In the end, what will likely be the Colonials’ final game could have been any other game of the season.
It had all the elements of GW’s play that frustrated its players and head coach all season long: opponent scoring runs and a lackluster first half contributing to a large deficit; shooting struggles stopping the Colonials from closing the gap; a stronger second half effort that fell apart with just minutes to go.
The team’s silent walk onto the bus could have been mistaken for one after any loss this season, except it wasn’t. It was the final one after a 67-50 defeat that Dayton handed the Colonials (10-21) in the first round of the Atlantic 10 tournament. Barring an invitation to a postseason tournament, it was the last time this group of players would take the court together.
“The game was kind of typical of our season. We get down a lot, we fight to come back, plenty of time, plenty of timeouts and we just make a bad play,” head coach Mike Lonergan said. “It was kind of our season in a nutshell there.”
It’s been five years since GW has won an A-10 tournament game. The last time the Colonials won, they won it all, walking away with the championship title in 2007.
For four of those five years, senior guard Tony Taylor wore a Colonial uniform, working steadily to rise to the top of the team. He exits as the 19th leading scorer in program history, and without ever making a trip to Atlantic City. After the buzzer sounded on what was probably his last 40 minutes as a Colonial, Taylor sat on the floor outside GW’s locker room, staring at a spot on the carpet.
“It’s never how you want to go out. Especially on a loss, first round, haven’t been to [Atlantic City],” Taylor said. “It’s a tough loss. I didn’t play well. I didn’t really help my team. It’s just hard. Hard for me to really go about anything right now.”
Taylor wasn’t the only Colonial to struggle at the net. He scored just six points on the game, not the kind of statistic the guard wanted as the punctuation mark on his GW career.
The Colonials only put up 17 points over the first 20 minutes of play, their second-worst first half of the season. The team ended the game shooting 34.5 percent from the floor and just 21.4 from long range.
“We shot 46 percent the last game, Saturday, and here we shot 34 percent, including 21 percent from threes,” Lonergan said. “You can play all the defense you want, but you’ve got to score more than 50 points.”
It was a big hole at halftime but GW wasn’t daunted, Lonergan said. The team seemed to put it all together early in the second, doubling down on its efforts to open play after the break on a 11-4 scoring run. It was capped by a Taylor steal, which he took the other way before dishing to junior guard Lasan Kromah, who laid the ball in to pull the Colonials within five. That was as close as GW would come.

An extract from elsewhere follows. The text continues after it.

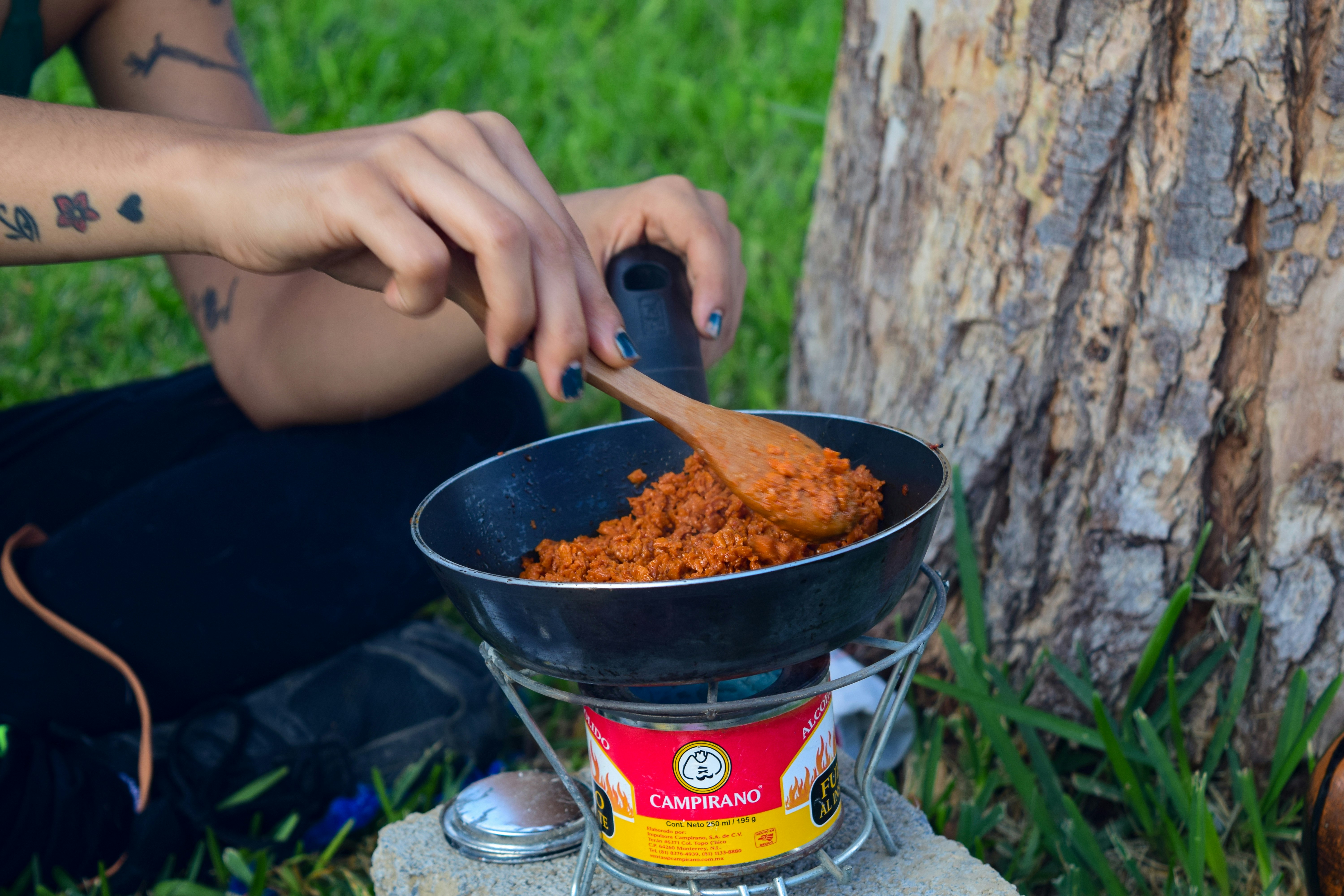 person holding a black and red can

The difference was effort, junior forward David Pellom said. Over that stretch of play, the Colonials had the effort, had the spark they needed to overcome the Flyers. Pellom, who earned his fifth double-double in six games with 18 points and 10 rebounds, gave arguably the best effort of any Colonial Tuesday night. It was a spark for the GW – but not one that lasted.
“Our effort. We wanted it. You could tell, that little spurt that we had. We wanted to win the game,” Pellom said. “After we came out of halftime, we had a little talk. Everybody just came together and just worked hard.”

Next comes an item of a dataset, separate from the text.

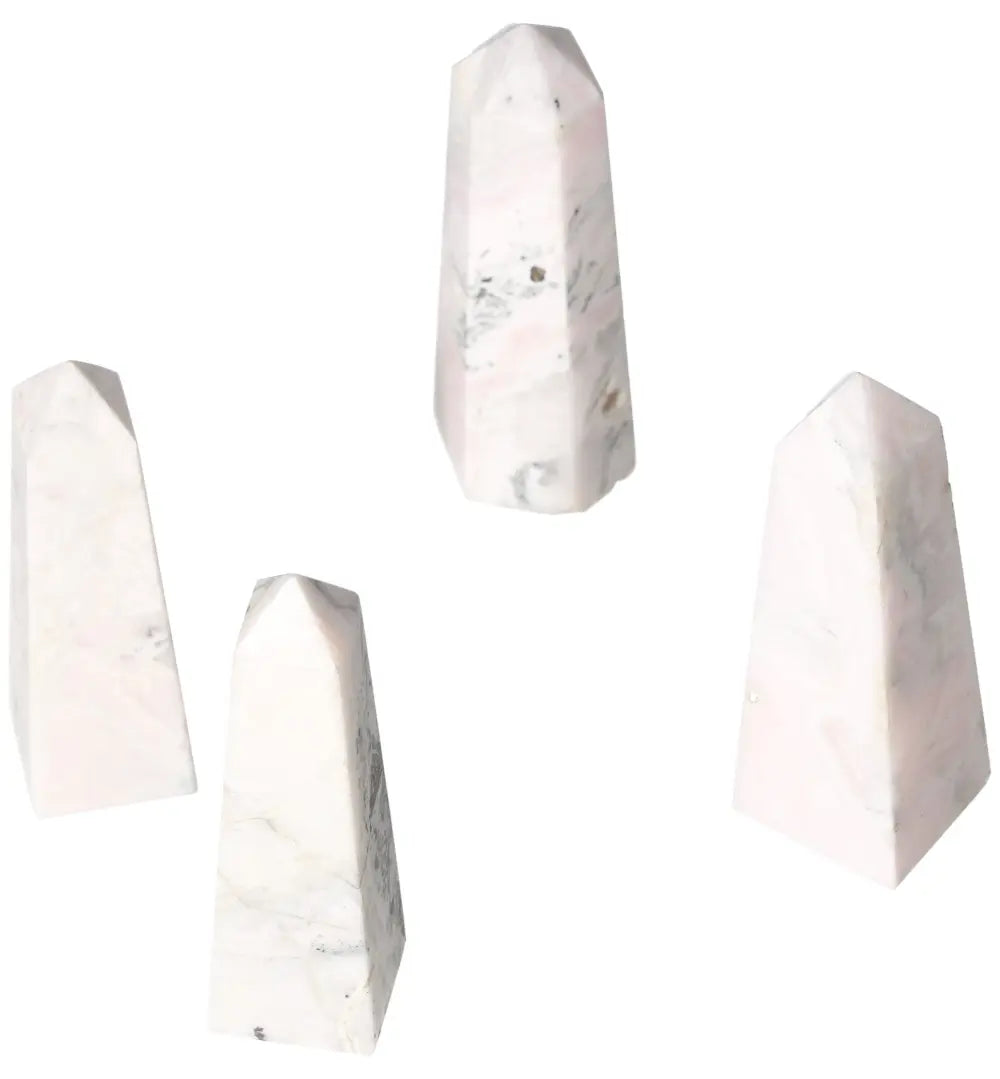 Group of four Manganocalcite Towers promoting peace and creativity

While GW couldn’t get going on the offensive end, Dayton figured out the Colonials’ defense, keeping them from effectively shutting down the Flyers’ shooting. After Dayton posted its season-high in three-point shooting against GW Saturday, Lonergan prepared to shut the Flyers down from long range in the rematch.
And as play opened, with the Colonials in an aggressive man-to-man defense, Dayton’s 3-point percentage dropped to 16.7 in the first half. But the Flyers simply went inside, dribbling through GW’s defenders to get easy shots at the net. So Lonergan made the switch to the high-energy full-court press, an approach that was responsible for Dayton’s stumble at the beginning of the second.

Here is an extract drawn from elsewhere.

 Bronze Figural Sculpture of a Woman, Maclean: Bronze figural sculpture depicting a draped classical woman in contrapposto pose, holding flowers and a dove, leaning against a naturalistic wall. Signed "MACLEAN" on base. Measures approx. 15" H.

It was an effective maneuver – one stretch of play saw the Colonials cause two turnovers in a row, earning them three straight possessions. But it required so much effort, from a team that couldn’t afford to tire its roster, Lonergan said, that GW just couldn’t maintain it for all of play.
“That’s why we kind of got out of it. Tony, he was tired the whole game. [Junior forward] Dwayne [Smith] was playing a lot of minutes, he was tired. David is kind of nursing a bad knee,” Lonergan said. “We can’t really stay in it, tried to go 1-3-1 a little, just gave up too much. All year, you go down 15 points, some games 20, it just takes so much energy to come back. Especially against good teams on the road. And we’re dying. And maybe that’s why we’re struggling to score.”
The final buzzer closed another kind of chapter for GW’s program, as well. It marked the end of Lonergan’s first Atlantic 10 season as head coach of the Colonials.
“We haven’t been past the first round, or even in it. This is five years in a row now we’ve lost in the first round and not even made the tournament. I just think we’ve got to change the mentality. Winning breeds winning. When you’re not a good team, the breaks don’t go your way,” Lonergan said. “We’ve got to get everyone working harder in our program. And the kids we recruit, that’s going to be the mentality. That it’s all about winning, and we’re going to do things that it takes to win.”